Both the asocial and social conditions included the same four choice tasks: two familiarization (FAM) tasks followed by two test tasks. In each of the four choice tasks, actors were presented with a pair of different payoff options to choose between (option 1 and option 2), where each pair differed in the distribution of payoffs to the actor and recipient.

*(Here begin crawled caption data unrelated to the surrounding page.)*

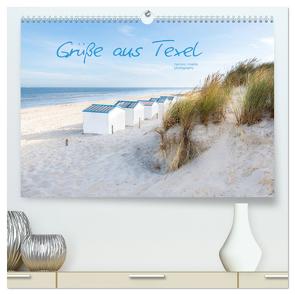Grüße aus Texel (hochwertiger Premium Wandkalender 2024 DIN A2 quer), Kunstdruck in Hochglanz von cmarits photography,  hannes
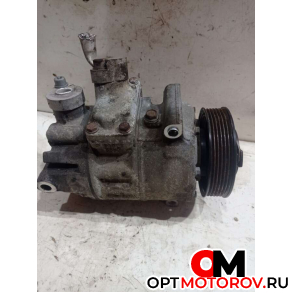 Компрессор кондиционера  Volkswagen Passat 6 2009 1K0820859F           #4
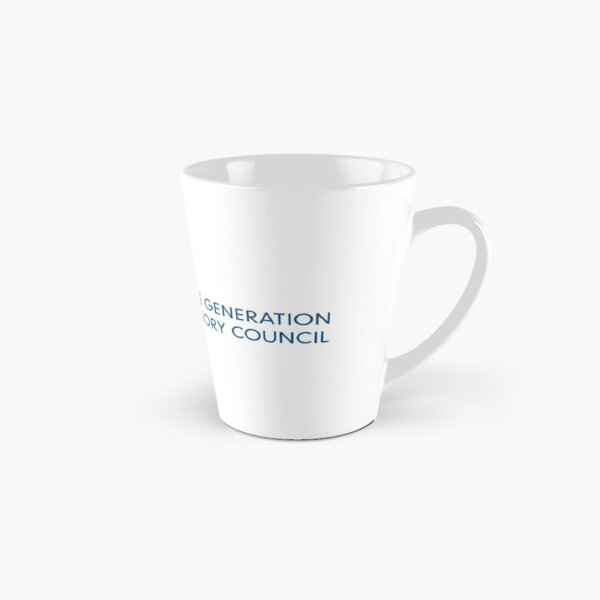 SGAC Logo Main Tall Mug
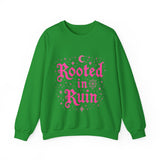 Rooted in Ruin Crewneck Sweatshirt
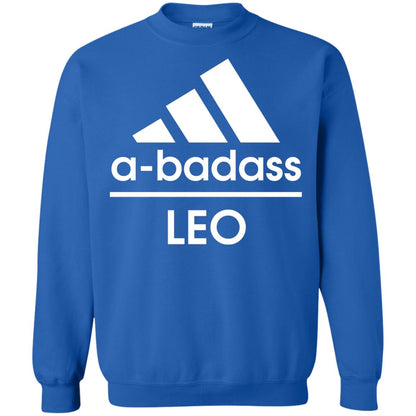 Abadass Leo Shirt Royal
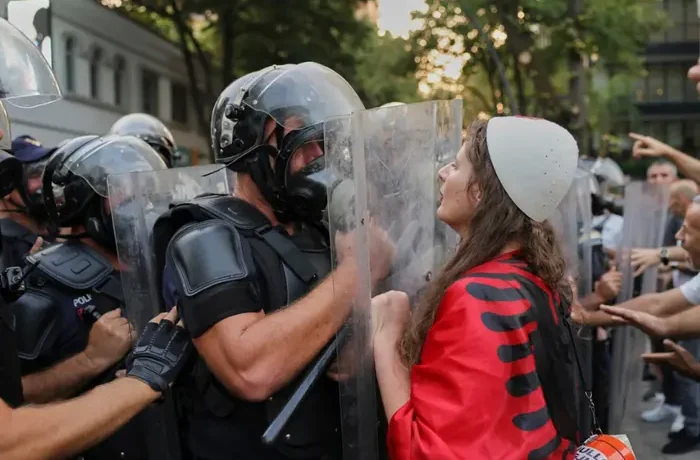 В Албанії спалахнули протести через проєкт зятя Трампа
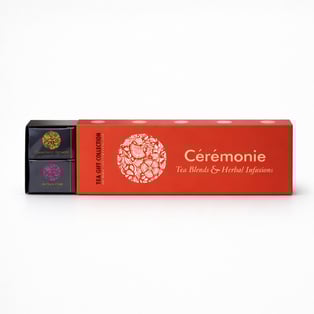 Tea Gift Collection Package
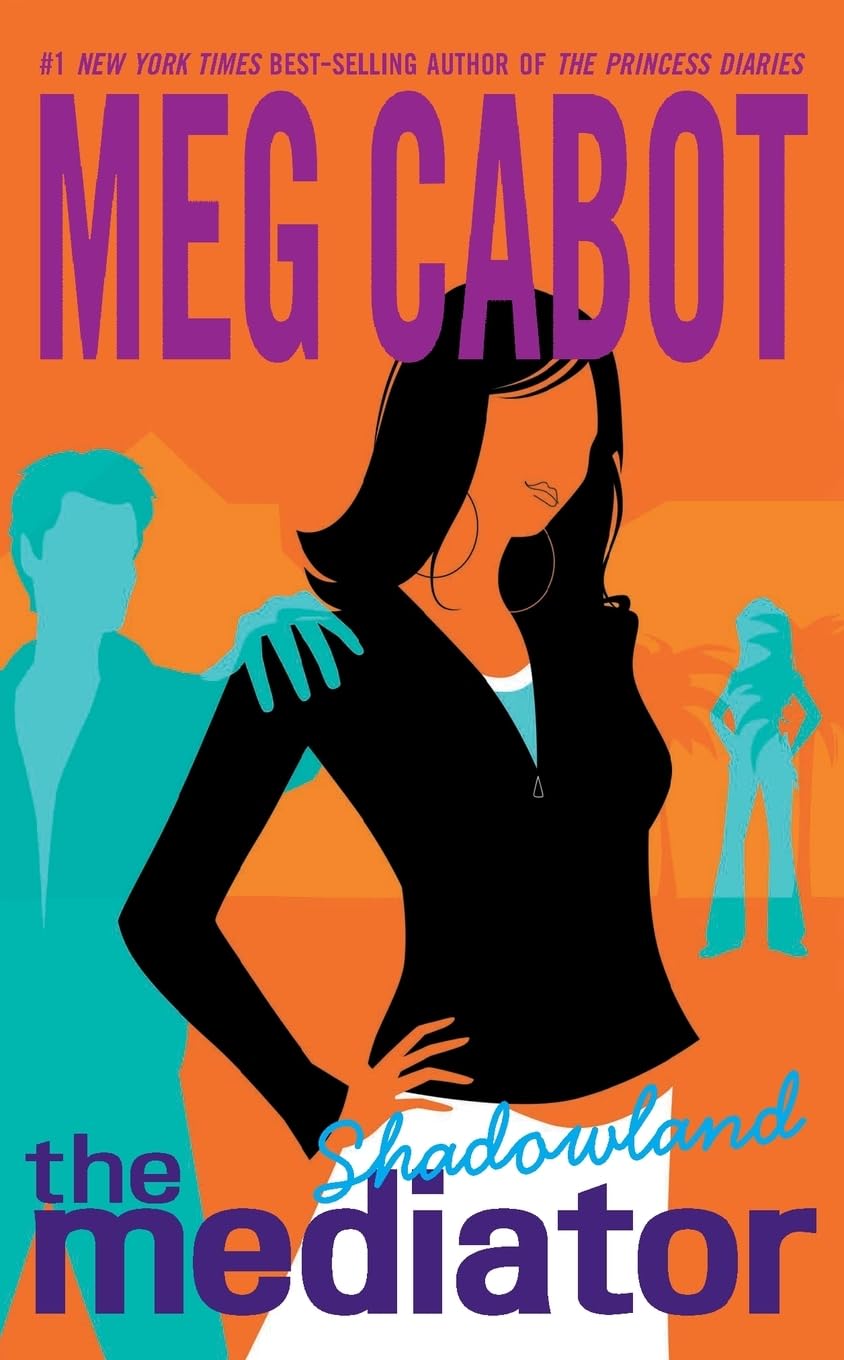 Shadowland (The Mediator #1),Used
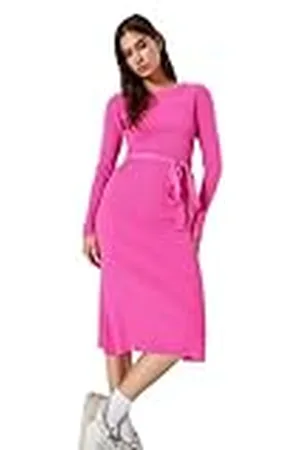 Trendyol FeMan A-lijn Slim fit gebreide jurk, , M, , M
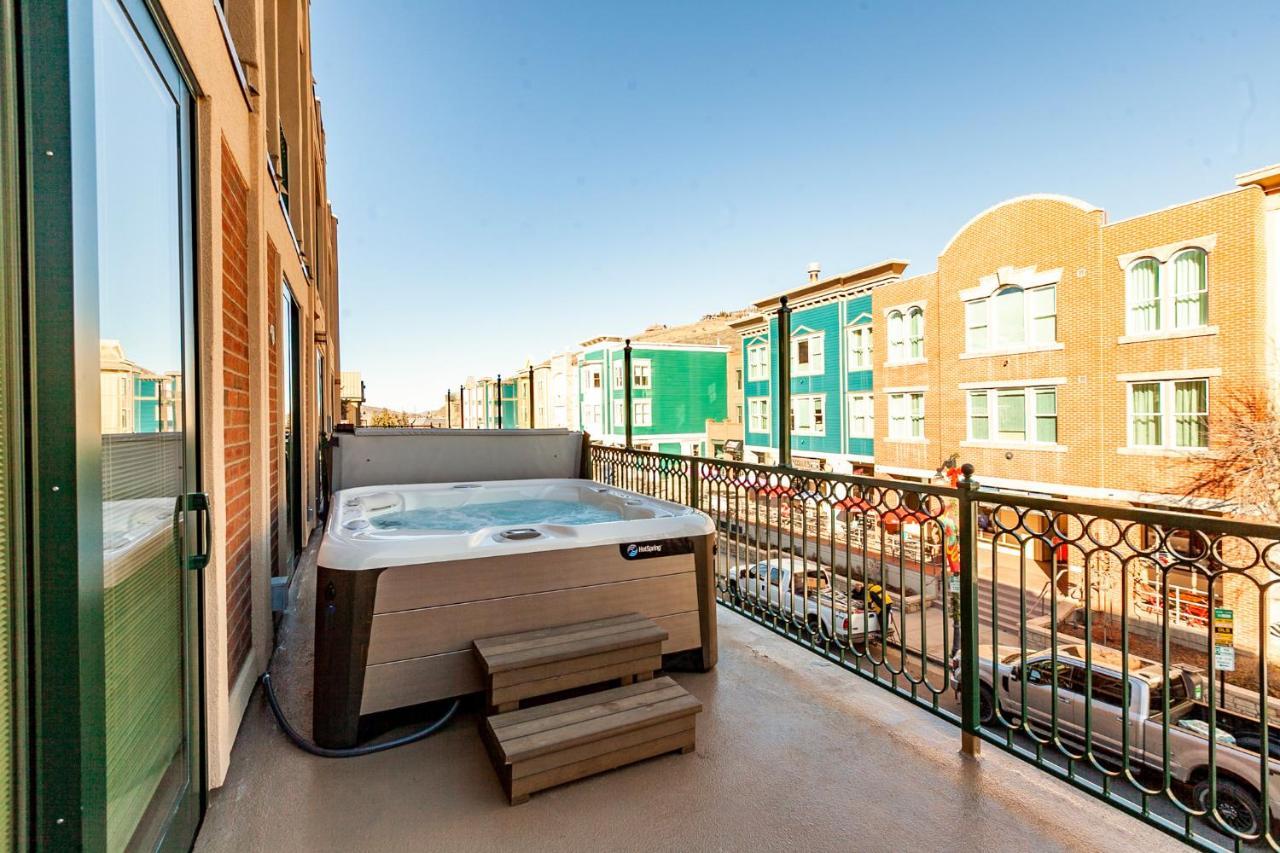 The Caledonian By All Seasons Resort Lodging Park City Eksteriør billede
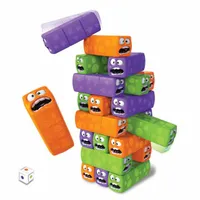 AMBASSADOR Игра кула с червейчета Wobbly Worms - 2 AMBASSADOR Игра кула с червейчета Wobbly Worms - 2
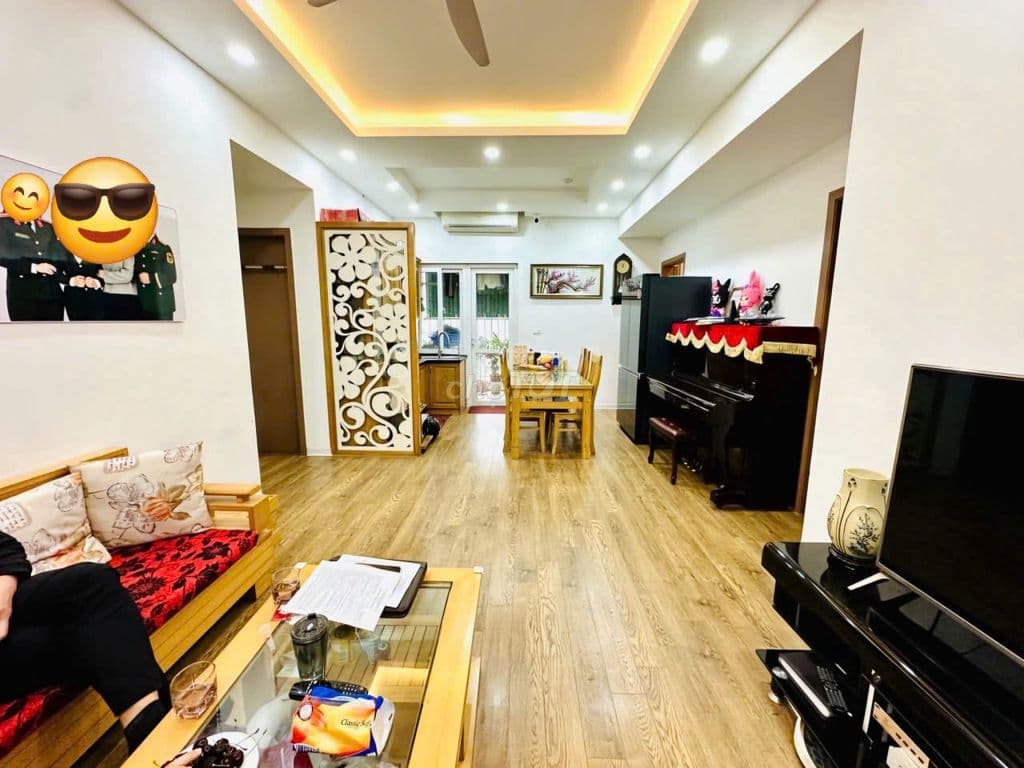 Bán căn hộ chung cư K33 (Z133)- 103 Lý Sơn, 76m², 3PN, 2VS- 5tỷ hơn - Ảnh 3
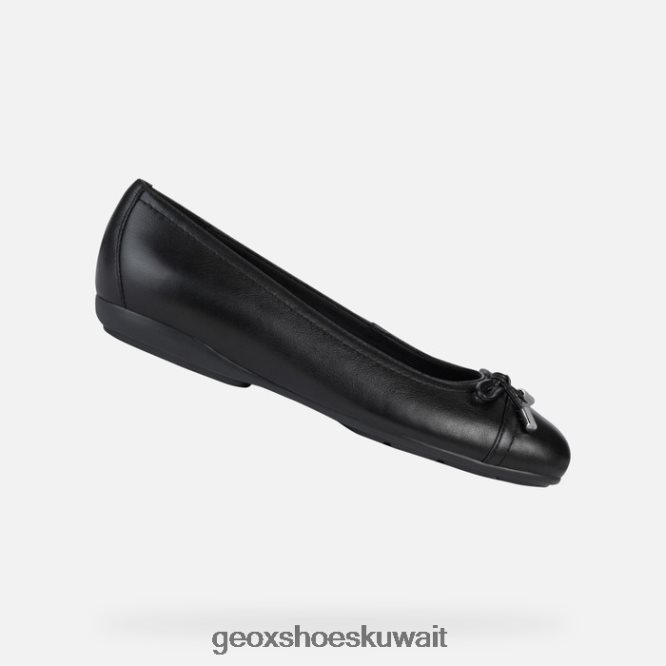 Geox BLL84T55 Annytah Woman Black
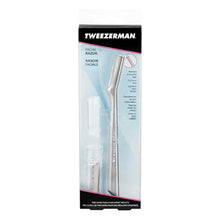 Load image into Gallery viewer, Tweezerman Facial Razor
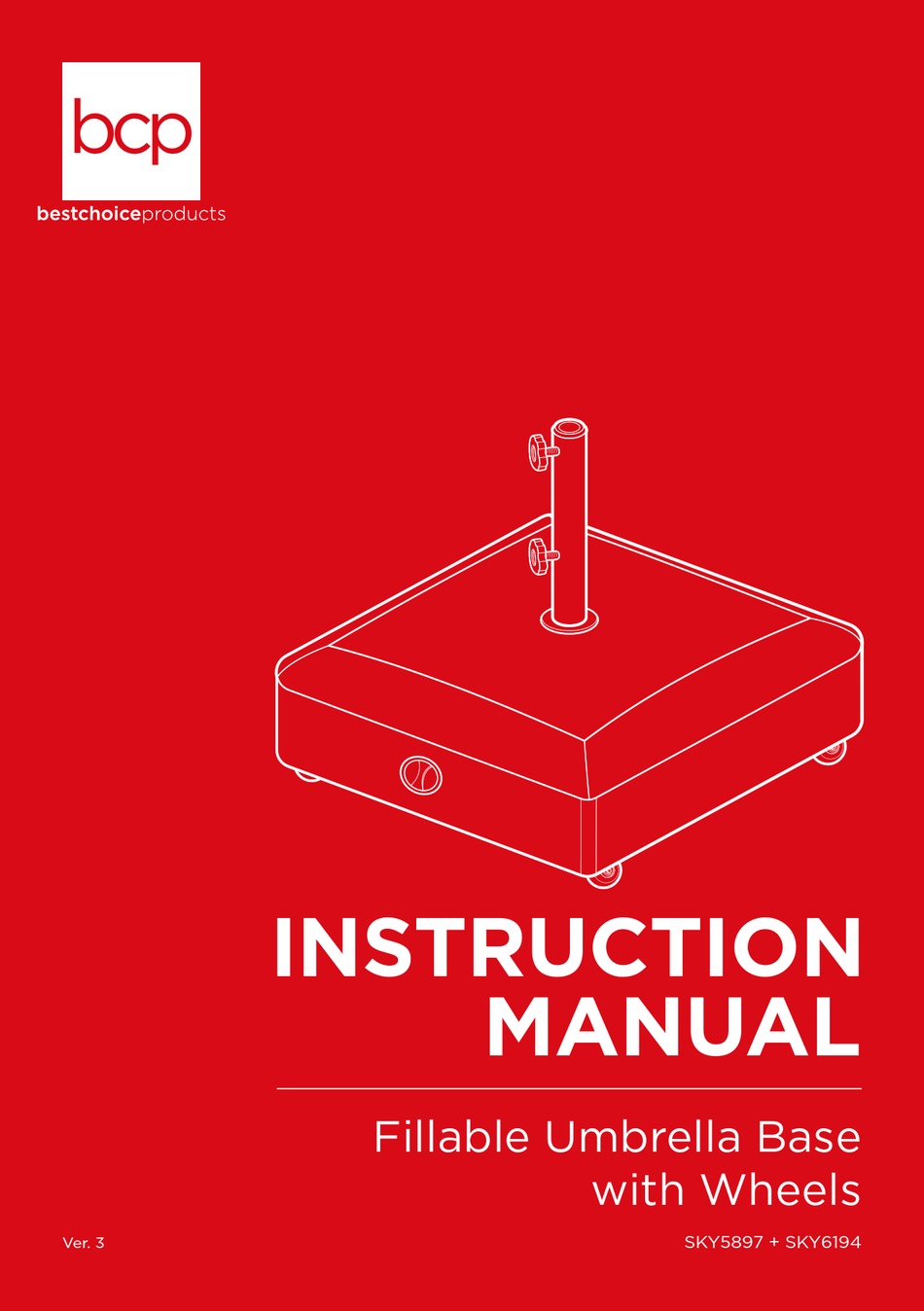 BCP SKY5897 INSTRUCTION MANUAL Pdf Download ManualsLib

In the test trials, actors chose between a prosocial outcome and a selfish outcome. In the CSG (a simplified dictator game), actors chose between one option that provided two real and visible food rewards to themselves and nothing to their partner (2/0) and a second option that provided one reward to themselves and one reward to their partner (1/1). In the PG, actors chose between one option that provided one reward for themselves and nothing for their partner (1/0) and another that provided one reward to both themselves and their partners (1/1).
The FAM trials were designed to provide actors with the experience of recipients obtaining a reward and the experience of recipients obtaining nothing. In FAM1, actors chose between one option that provided two rewards to both themselves and to their partner (2/2) and a second option that provided one reward to themselves and one reward to their partner (1/1). In FAM2, actors chose between one option that provided two rewards for themselves and nothing for their partner (2/0) and another option that provided one reward to themselves and nothing to their partners (1/0). Thus, after both FAM trials, actors had seen a recipient obtain a reward in one trial and not obtain a reward in another trial.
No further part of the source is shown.